Leider hat das Gesetz einen entscheidenden Webfehler, denn die für die Kommunen günstigste erneuerbare Wärmequelle wird dabei ausgeklammert: kommunale Kläranlagen. Das Gesetz an dieser Stelle zu ergänzen, würde den Kommunen enorm helfen und die Wärmewende endlich voranbringen.

Warum? Städte und Gemeinden könnten durch die Nutzung der Wärme aus ihren Kläranlagen buchstäblich aus „Schiet“ – wie wir in Hamburg sagen – Gold machen, nämlich erneuerbare, grüne Fernwärme. In Skandinavien ist es längst üblich, Klärwasser über Groß-Wärmepumpen zur Erzeugung von Fernwärme zu nutzen. Auch in Hamburg soll Abwasserwärme zukünftig eine große Rolle in der Wärmeversorgung spielen. Ein Gutachten des Hamburg Instituts für die Umwelt- und Energie-Behörde hat den Anstoß gegebenen, die Abwärme des zentralen Hamburger Klärwerks in die Planungen für eine zukünftige kohlefreie, klimafreundliche Wärmeversorgung aufzunehmen.

Potenziell könnte eine von einer KWK-Anlage angetriebene Klärwasser-Wärmepumpe rund 80 Megawatt grüne Fernwärme erzeugen. Selbst im tiefsten Winter ist das gereinigte Klärwasser noch über zehn Grad warm – ein entscheidender Vorteil gegenüber dem kalten Wasser der Elbe im Winter.

Rechtslage bevorzugt reine Gasanlagen – das lässt sich reparieren

Der Einsatz solcher Wärmepumpen stößt aber bisher an harte ökonomische Grenzen: Der benötigte Strom wird mit hohen Abgaben belastet, selbst wenn er aus einer neu gebauten KWK-Anlage kommt. So macht die heutige Rechtslage eine reine Erdgas-KWK-Anlage viel wirtschaftlicher als ein klimafreundlicheres System aus einer Wärmepumpe und einer deutlich kleineren KWK-Anlage. Mit anderen Worten: Obwohl die Lösung mit der Wärmepumpe weniger fossile Brennstoffe verbraucht und weniger CO2 erzeugt, wird sie vom Gesetzgeber gegenüber einer Erdgas-KWK-Anlage ohne regenerativen Anteil stark benachteiligt. Das ließe sich ohne großen Aufwand ändern – und es gäbe dabei nur Gewinner.

Nach dem Gesetzentwurf der Bundesregierung sollen künftig „innovative“ KWK-Systeme, also solche, die erneuerbare Wärme integrieren, einen nach dem erneuerbaren Anteil gestaffelten Zuschlag auf den KWK-Bonus erhalten; bei 50 Prozent erneuerbarer Wärme sind sieben Cent pro Kilowattstunde vorgesehen.
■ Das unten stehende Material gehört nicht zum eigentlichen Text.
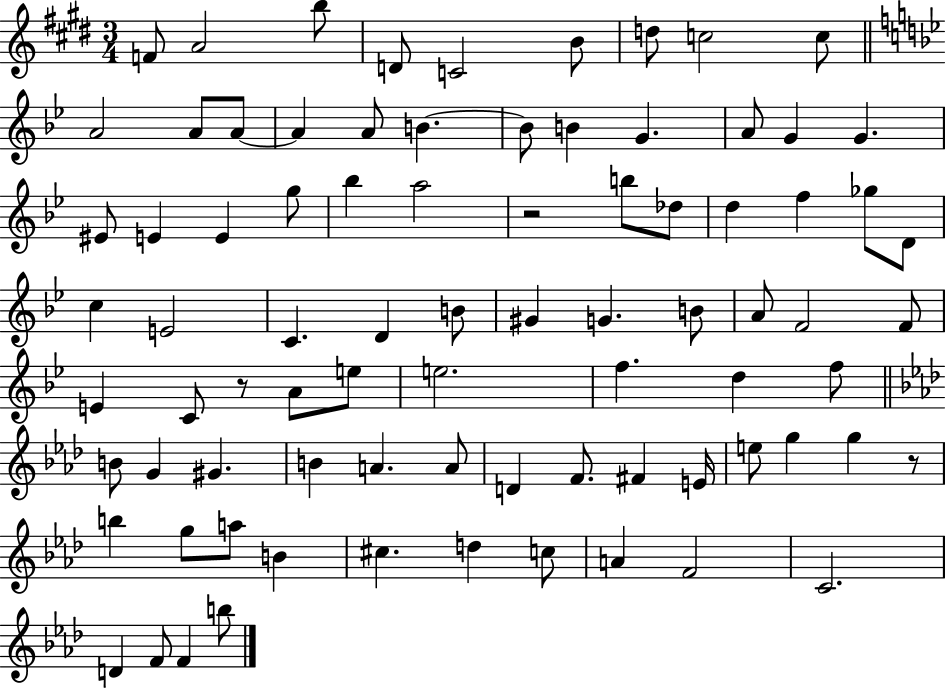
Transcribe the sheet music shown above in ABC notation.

X:1
T:Untitled
M:3/4
L:1/4
K:E
F/2 A2 b/2 D/2 C2 B/2 d/2 c2 c/2 A2 A/2 A/2 A A/2 B B/2 B G A/2 G G ^E/2 E E g/2 _b a2 z2 b/2 _d/2 d f _g/2 D/2 c E2 C D B/2 ^G G B/2 A/2 F2 F/2 E C/2 z/2 A/2 e/2 e2 f d f/2 B/2 G ^G B A A/2 D F/2 ^F E/4 e/2 g g z/2 b g/2 a/2 B ^c d c/2 A F2 C2 D F/2 F b/2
Das Problem dabei: Bisher ist nur die Nutzung von Umweltwärme – beispielsweise aus Flüssen – förderungswürdig, aber nicht die von Abwärme.

Es mag eine gewisse Logik haben, die Nutzung von Industrieabwärme aus der KWK-Förderung auszuklammern, denn natürlich sollten keine kontraproduktiven Anreize zur langfristigen Aufrechterhaltung von Abwärmeströmen gesetzt werden, die womöglich künftig mit Effizienztechnologien reduziert oder vermieden werden können. Für Kläranlagen trifft dieses Argument indes nicht zu: Der größte Teil der dort nutzbaren Wärme stammt entweder aus natürlichen Quellen – aus Regenwasser und, über das Leitungssystem, aus Erdwärme – oder aus alltäglichen Verrichtungen wie Duschen und Waschen, auf die sicherlich auch zukünftig niemand verzichten mag. Darum ist es widersinnig, wenn der Gesetzgeber die Nutzung der Wärme von Kläranlagen mit industrieller Abwärme gleichsetzt und weiter ausklammert.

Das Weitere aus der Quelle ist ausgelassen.